I carry in my blood the anger of my Ilocano ancestors. I carry their grief, their humiliation, and their shattered spirits.
And I write now not with polite detachment but with the righteous rage of generations who were robbed—of names, of gods, of sovereignty, of language, of land.
And I direct that rage toward one of the most culpable architects of our cultural annihilation: the Augustinian Order of the Roman Catholic Church.
Let us be clear—the Augustinians were not passive evangelists who simply brought a new faith. They were brutal colonizers in cassocks, enforcers of a theocratic regime that stripped the Ilocano people of their identity with the smug conviction of divine right.
For 600 years, they have held moral and spiritual authority while refusing to name, let alone confess, the carnage they caused.
They were the ideological spearhead of Spain’s conquest—marching with the military, sanctifying violence, and crushing indigenous resistance beneath the cross and the crown.
My people, the Ilocano, were never given the chance to negotiate the terms of faith.
We were forced into Catholicism not by miracles or persuasion, but by muskets and garrotes.
Refuse baptism, and you’d be tortured.
Resist colonial power, and you’d be labeled a heretic, a pagan, a devil to be exorcised.
We were deemed unworthy unless we bled out everything that once made us whole.
Our spiritual practices—our anito, our rituals honoring the rain, the mountains, the ancestors—were banned, mocked, and replaced with Latin masses we did not understand and Spanish saints we did not revere.
We were not assimilated.
We were pulverized.
And in that pulverization, the Augustinians found glory.
They built massive cathedrals on lands they stole.
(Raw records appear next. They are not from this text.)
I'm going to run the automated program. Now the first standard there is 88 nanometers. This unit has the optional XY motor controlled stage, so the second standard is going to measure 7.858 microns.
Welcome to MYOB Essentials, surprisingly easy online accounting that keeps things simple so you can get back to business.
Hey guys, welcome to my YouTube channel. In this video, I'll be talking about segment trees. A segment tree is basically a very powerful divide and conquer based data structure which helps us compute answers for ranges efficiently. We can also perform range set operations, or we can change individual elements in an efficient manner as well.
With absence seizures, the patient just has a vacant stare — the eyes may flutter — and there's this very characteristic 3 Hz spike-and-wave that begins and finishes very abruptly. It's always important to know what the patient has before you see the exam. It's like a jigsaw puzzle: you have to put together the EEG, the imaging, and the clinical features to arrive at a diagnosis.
They renamed villages and rivers, silencing our oral traditions.
They imposed Spanish surnames on Ilocano families through the Catálogo Alfabético de Apellidos, fracturing our genealogies and erasing our ancestral memory.
They broke us into submission and then declared it holy.
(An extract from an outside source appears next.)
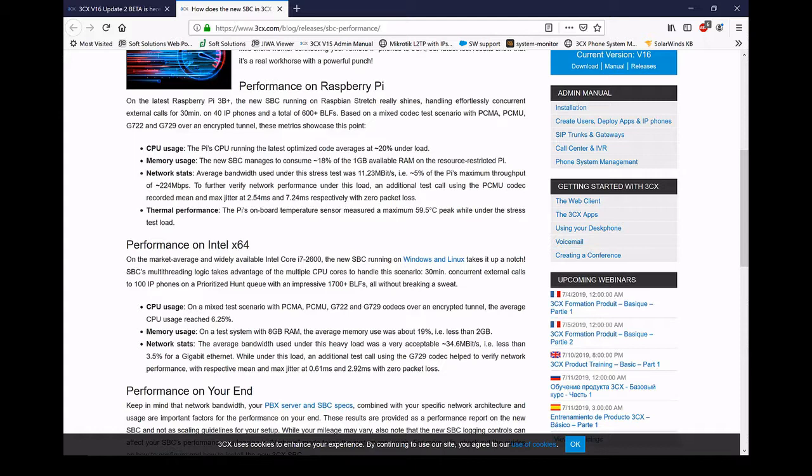If we look at the case of using it on Windows and Linux with a Core i7, so if you had a physical desktop box sitting at the site acting as the SBC, they've had a staggering 100 IP phones and 1700 BLFs without it skipping a beat.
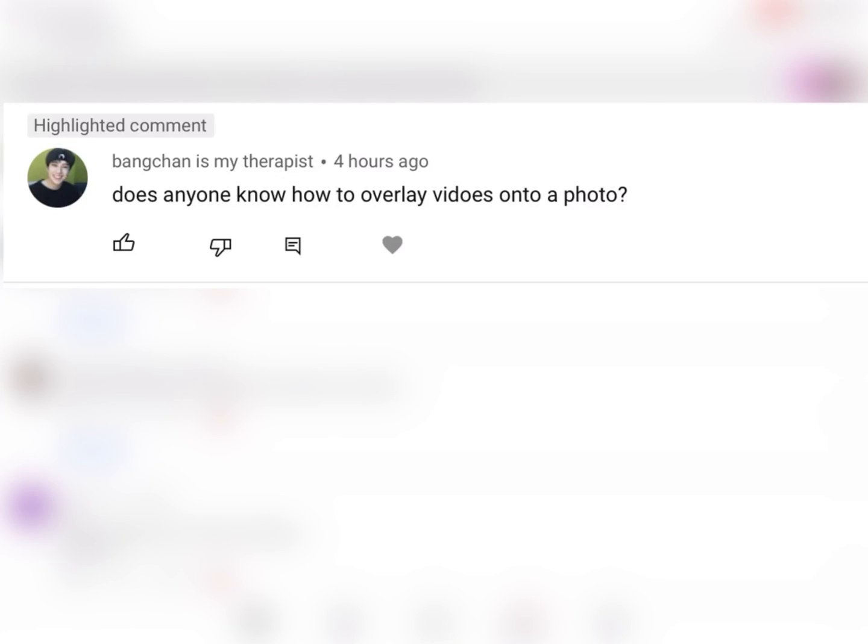In response to this viewer question, I'll be showing how to overlay a video onto a photo.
Now, Pope Leo XIV, a member and spiritual descendant of that very order, presides over a Church that still does not acknowledge this reign of terror.
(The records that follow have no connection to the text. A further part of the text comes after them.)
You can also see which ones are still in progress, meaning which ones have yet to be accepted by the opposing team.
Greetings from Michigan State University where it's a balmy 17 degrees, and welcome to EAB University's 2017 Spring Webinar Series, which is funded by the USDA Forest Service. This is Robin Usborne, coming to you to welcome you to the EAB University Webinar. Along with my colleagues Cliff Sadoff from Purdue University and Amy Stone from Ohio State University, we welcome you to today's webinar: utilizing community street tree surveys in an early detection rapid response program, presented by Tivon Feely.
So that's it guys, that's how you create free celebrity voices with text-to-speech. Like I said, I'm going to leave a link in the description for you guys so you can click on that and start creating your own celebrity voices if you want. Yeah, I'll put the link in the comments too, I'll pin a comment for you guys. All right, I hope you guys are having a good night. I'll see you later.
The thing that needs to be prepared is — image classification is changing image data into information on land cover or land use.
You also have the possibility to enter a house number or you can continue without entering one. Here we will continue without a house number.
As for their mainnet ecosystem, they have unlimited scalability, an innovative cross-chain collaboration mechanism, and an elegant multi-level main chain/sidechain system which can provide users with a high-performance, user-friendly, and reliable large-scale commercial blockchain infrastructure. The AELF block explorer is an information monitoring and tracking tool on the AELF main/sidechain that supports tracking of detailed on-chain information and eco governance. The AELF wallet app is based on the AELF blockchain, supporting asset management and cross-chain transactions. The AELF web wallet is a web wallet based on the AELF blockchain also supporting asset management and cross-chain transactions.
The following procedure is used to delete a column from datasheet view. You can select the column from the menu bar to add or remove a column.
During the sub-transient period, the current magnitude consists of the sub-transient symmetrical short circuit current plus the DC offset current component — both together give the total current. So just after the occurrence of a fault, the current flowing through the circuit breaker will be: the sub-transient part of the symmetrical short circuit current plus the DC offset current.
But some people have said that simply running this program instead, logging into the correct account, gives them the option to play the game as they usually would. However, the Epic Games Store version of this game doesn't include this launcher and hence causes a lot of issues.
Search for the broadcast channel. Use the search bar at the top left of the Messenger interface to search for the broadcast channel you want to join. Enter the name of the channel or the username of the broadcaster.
He is not only the Bishop of Rome—he is a product of an institution that wove itself into the bones of the Philippines and crushed the Ilocano identity beneath layers of Latin, Spanish, and Vatican decree.
When he smiles and speaks of unity, I sometimes see not a shepherd but a successor of the wolves that hunted my people into silence.
This is not ancient history.
The trauma of Augustinian colonization lives in our fragmented names, our hybridized faith, our forgotten rituals, our brown skin kneeling to foreign saints while we whisper our grandparents’ stories in shame.
And to this day, no apology has come.
No recognition.
No reckoning.
The Church speaks of reconciliation, yet offers none.
It calls for peace, yet buries the truth.
And so I carry this rage because if we do not name our wound, it will never heal.
I am Ilocano.
I descend from warriors, farmers, seers, and storytellers who resisted.
And while the Augustinians erased their names from the records, they did not erase them from me.
Let the Church know: We doremember. And we demand that they remember too.
Pope Leo now has an opportunity to formally apologize for those historic, bloody life-taking wrongs.